Gamma Function
Before introducing the Gamma and Beta distributions, we need the special functions that serve as their building blocks.
The gamma function extends the factorial to non-integer (and even complex) arguments. This generalization
is essential: the normalizing constants of many continuous distributions involve factorials of non-integer parameters,
and the gamma function provides the mathematically rigorous way to handle them.
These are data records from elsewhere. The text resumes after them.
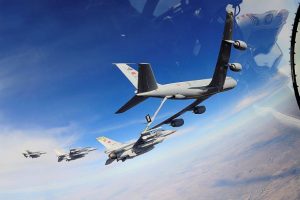 F16'lara havada yakıt ikmali yapıldı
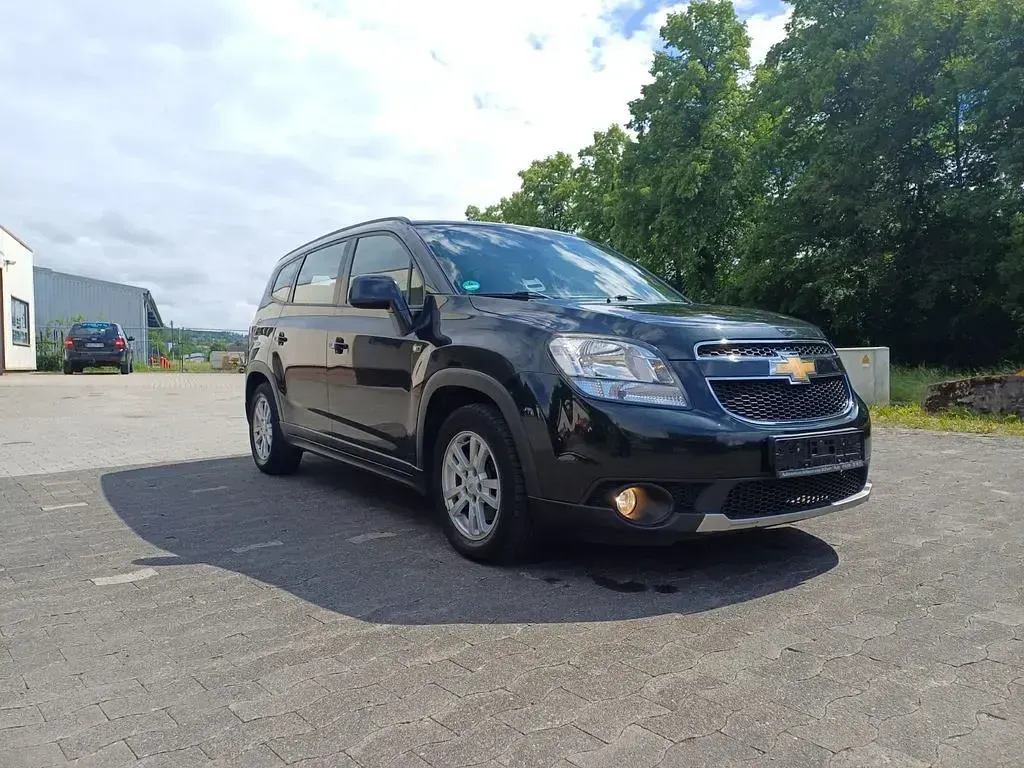 Gebraucht Chevrolet Orlando LT 141 PS (103 kW) 2013 Schwarz Van / Kleinbus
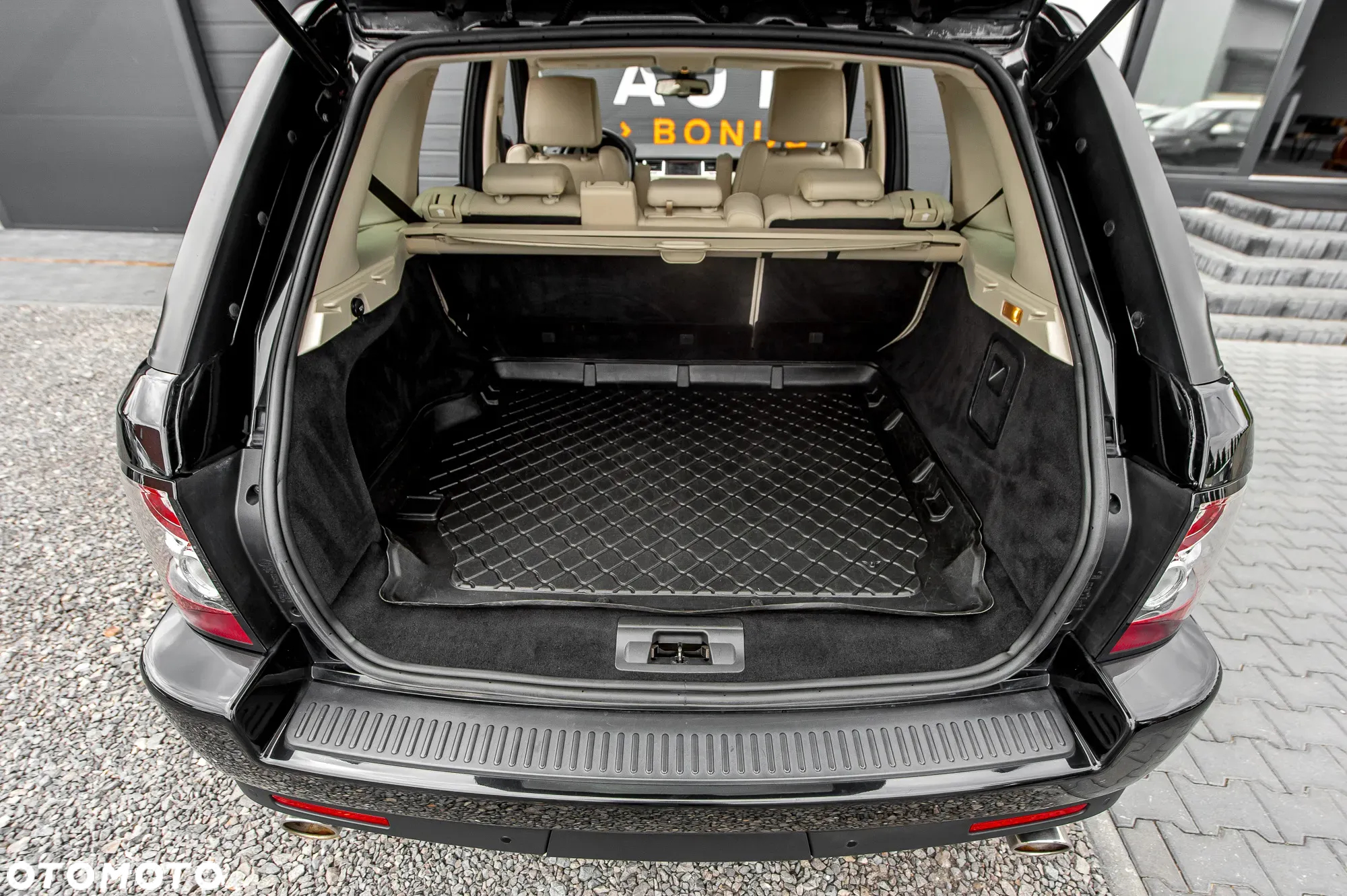 Land Rover Range Rover Sport - 13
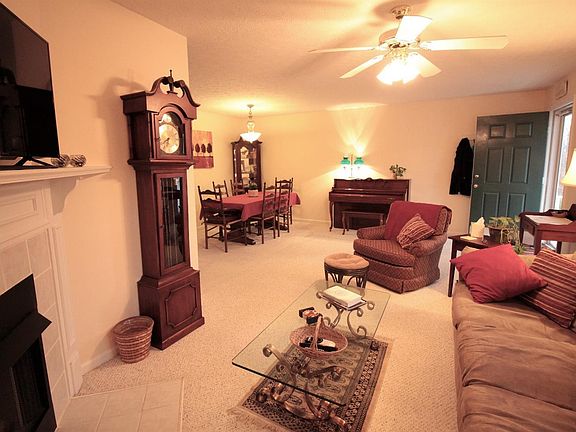 4th image of 200 Wexview Ln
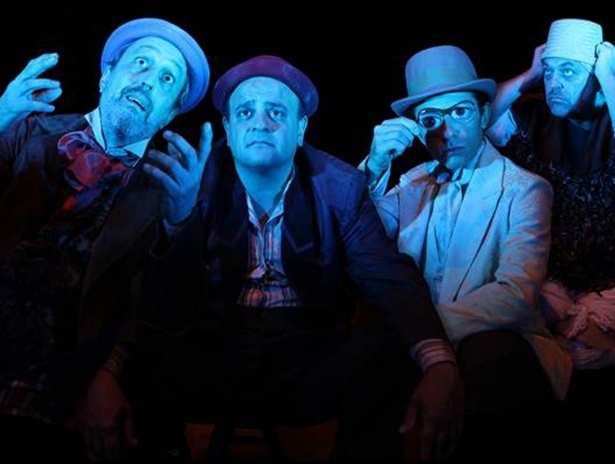 Peça "Esperando Godot", com direção de Léo Stefanini - Divulgação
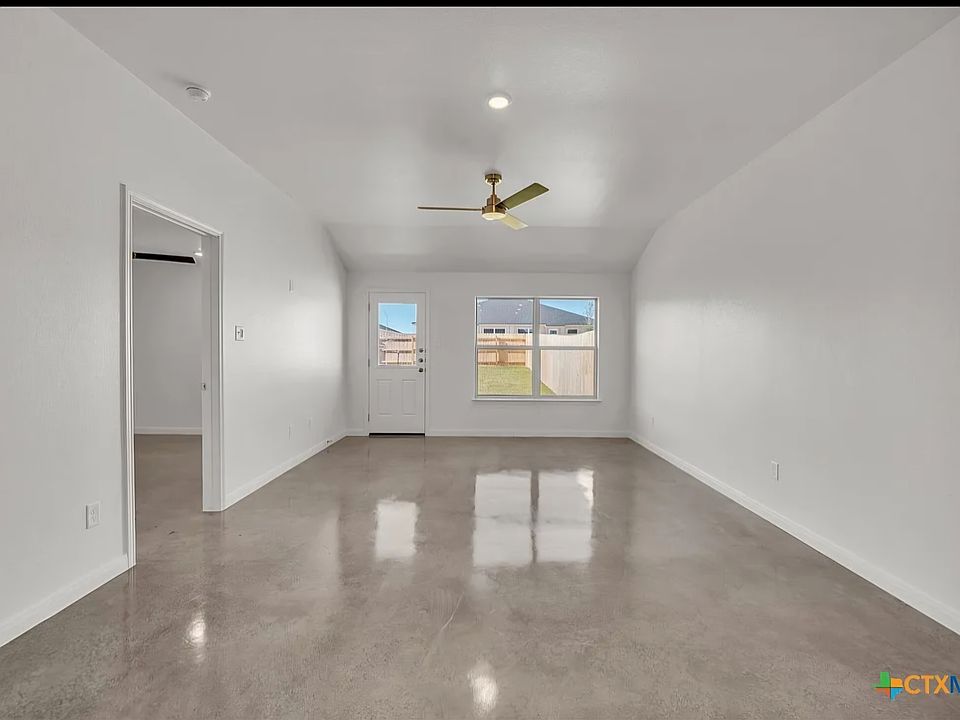 1st image of 907 Wax Myrtle Ct Unit B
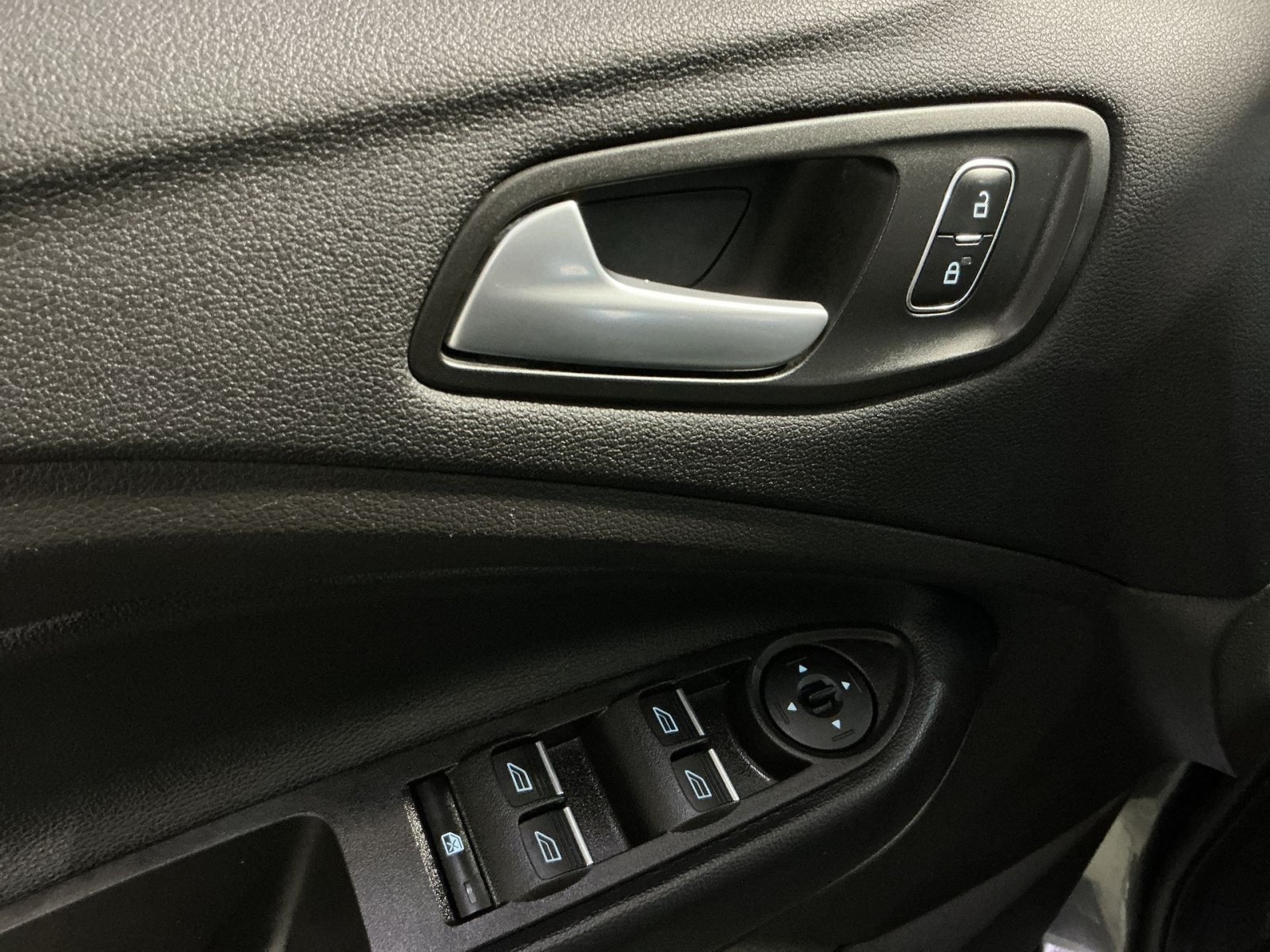 Used 2019 Ford Escape SE AWD/4WD image 16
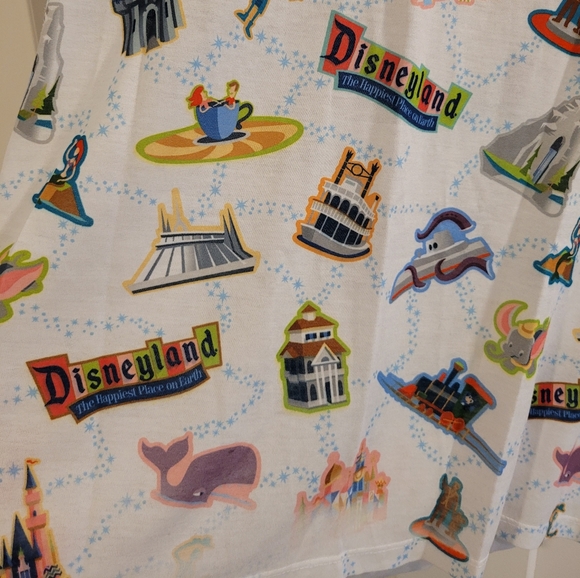 Disney Land Printed Tee - Picture 2 of 2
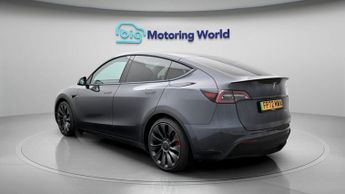 Tesla Model Y PERFORMANCE AWD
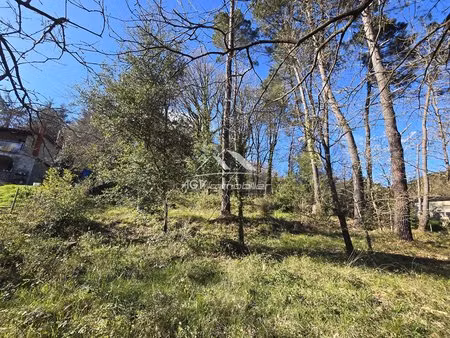 terrain constructible d'environ 1500 m²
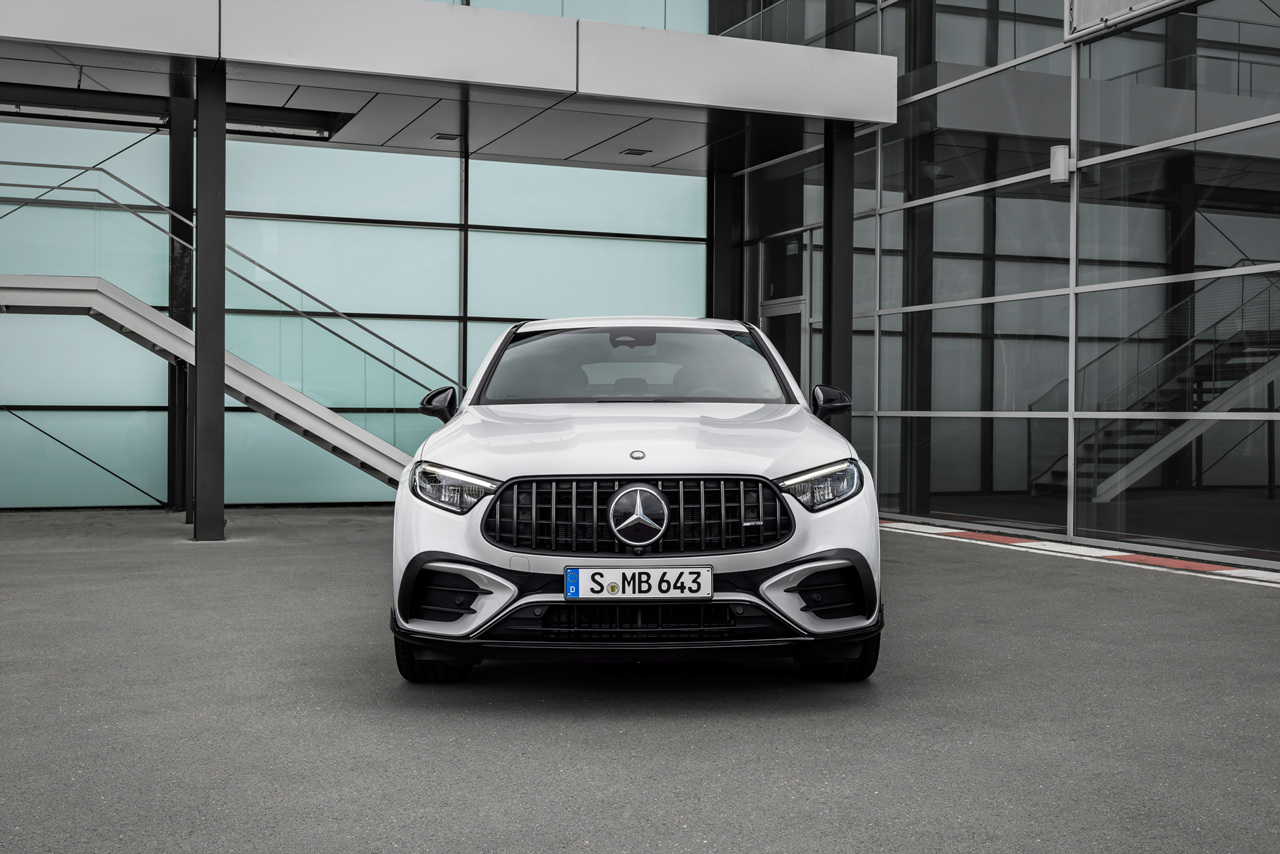 AMG GLC43 쿠페 이미지
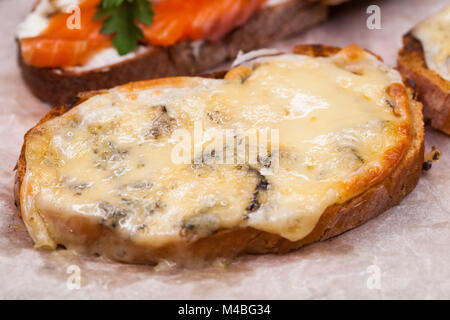 Toast mit geschmolzenem Käse, Nahaufnahme Stockfoto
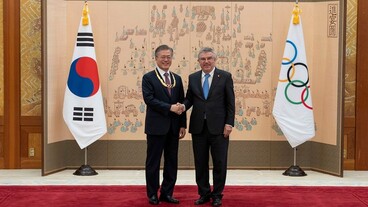 Thomas Bach Olimpiai Érdemrenddel tüntette ki a dél-koreai elnököt
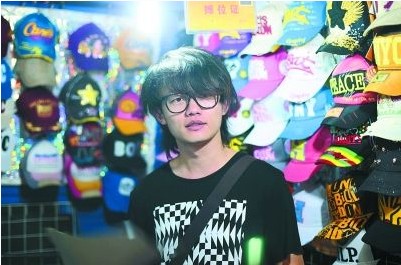 夜市帽子擺攤哥，竟是好聲音學員丁克森，其身份遭疑 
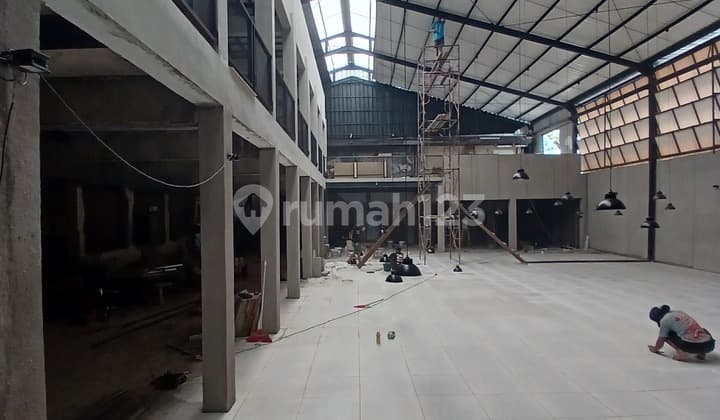 ✳️For Rent
Commercial Building @Main Road Cihampelas
Land Area: 1200 M2
Building Area: 1600 M2
Width of Road Frontage: 22 Meters
Carport Area: Included
Rent for Spaces A, B, and C: Rp 1.5 Billion / Year (Section A Currently Unfinished)
Minimum Lease: 5 Years
Contact: 08221857xxxx
Teguh Budiman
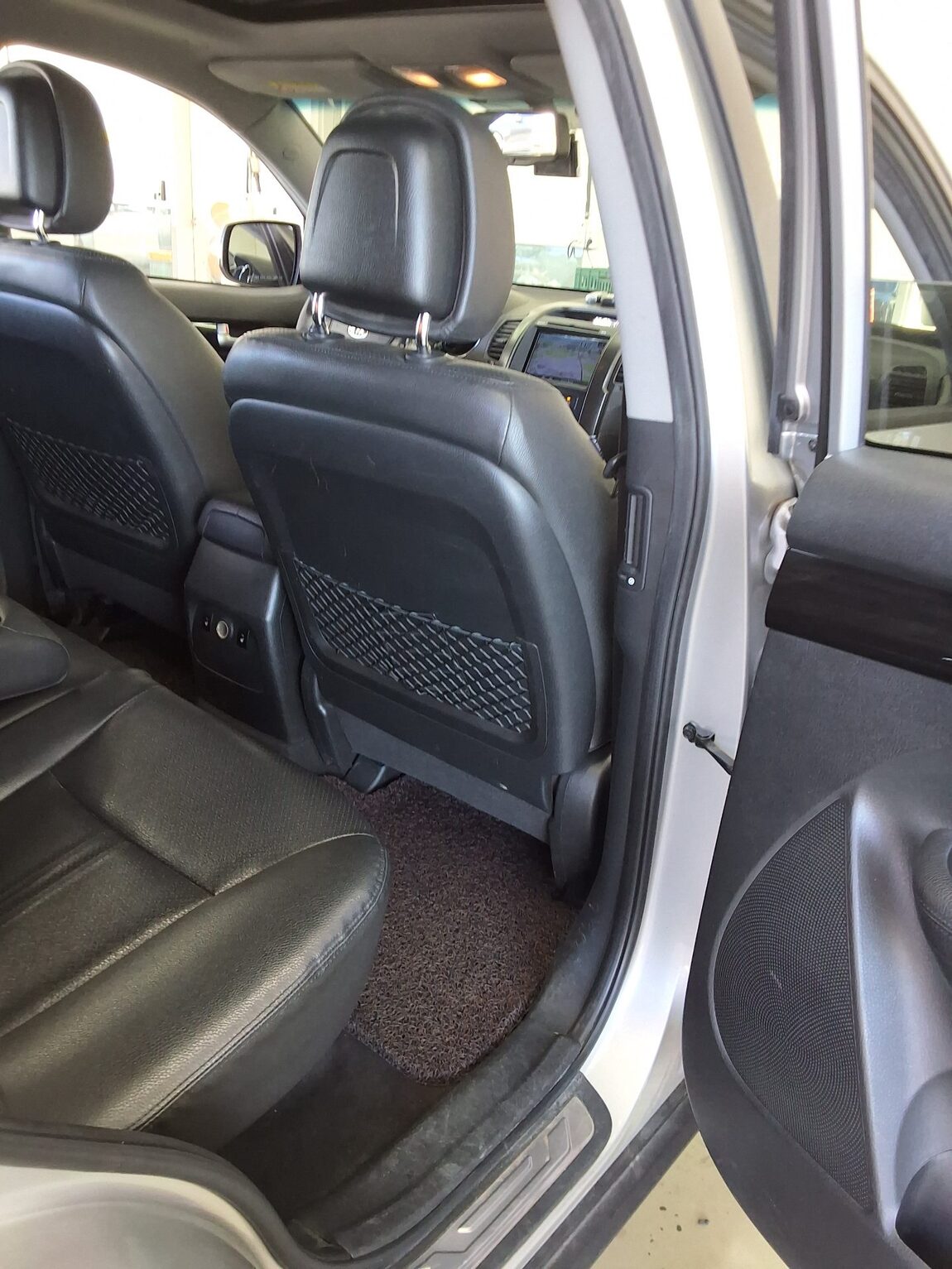 KIA SORENTO R DIESEL 2.2 2WD TLX PREMIUM 2010 - zdjęcie 13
Definition: Gamma Function
The gamma function is defined as:
\[
\Gamma(z) = \int_{0}^{\infty} t^{z-1}e^{-t}\, dt, \quad z > 0.
\]
We work with real positive \(z\) throughout this page; the integral in fact converges for
all complex \(z\) with \(\operatorname{Re}(z) > 0\), and the gamma function extends to
a meromorphic function on the entire complex plane via analytic continuation. We do not
use the complex extension here.
Theorem: Gamma Function Extends the Factorial
For any positive integer \(n\),
\[
\Gamma (n+1) = n!
\]
Proof:
We first establish the recurrence \(\Gamma(n+1) = n\,\Gamma(n)\) for any \(n > 0\) by
integration by parts on
\[
\Gamma(n+1) = \int_0^\infty t^{n} e^{-t}\, dt.
\]
Take \(u = t^n\) (so \(du = n\,t^{n-1}\,dt\)) and \(dv = e^{-t}\,dt\) (so \(v = -e^{-t}\)). Then
\[
\begin{align*}
\Gamma(n+1) &= \bigl[-t^n e^{-t}\bigr]_0^\infty + \int_0^\infty n\,t^{n-1} e^{-t}\,dt \\\\
&= n\int_0^\infty t^{n-1} e^{-t}\,dt \\\\
&= n\,\Gamma(n),
\end{align*}
\]
using that the boundary term vanishes: \(t^n e^{-t} \to 0\) as \(t \to \infty\) (exponential
decay dominates polynomial growth) and \(t^n e^{-t} \to 0\) as \(t \to 0^+\) for any \(n > 0\).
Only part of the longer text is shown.